The absence of formal structure in Emerson’s "Self-Reliance" has been derided by some critics as an "insuperable handicap" to an appropriate understanding of the work (Warren 200). A thorough examination of the work, however, evokes two fundamental claims: Emerson provides a basis for some semblance of structure, and complete continuity is antithetical to the fundamentals of Emerson’s "Self-Reliance." Emerson’s original style is seen as a "strategy" to highlight his philosophical tenets rather than a haphazard infirmity to the reader’s understanding of the work (Buell 173).

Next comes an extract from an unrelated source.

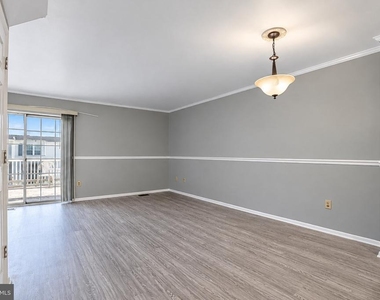 3831 Glenview Terrace - Photo Thumbnail 5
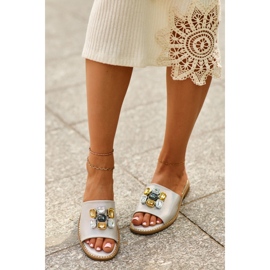 S. BARSKI Női lapos szandál díszítéssel bézs 2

As for the organization of "Self-Reliance," it is fair to say that there is more order than the reader first notices and that "Emerson provides enough clues to ensure continuity, though in a studiously offhand…manner"(174). Jonathan Bishop, in his Emerson on the Soul, states that Emerson is a "worker in sentences and single verses"; however, Emerson ties these verses together with structurally sound conclusions and catalogued guides (57). Evidence of discontinuity can be seen when the reader comes upon the sentence, "the other terror that scares us from self-trust is our consistency." Immediately, the reader wonders what the other terror is that Emerson has omitted. It is not till the conclusion of Emerson’s work "I hope in these days we have heard the last of conformity and consistency" that the reader realizes that conformity is the missing terror (520). The Emersonian tactic of delaying an answer till the conclusion is an original stylistic application of discontinuity and this approach simultaneously "reassures us that...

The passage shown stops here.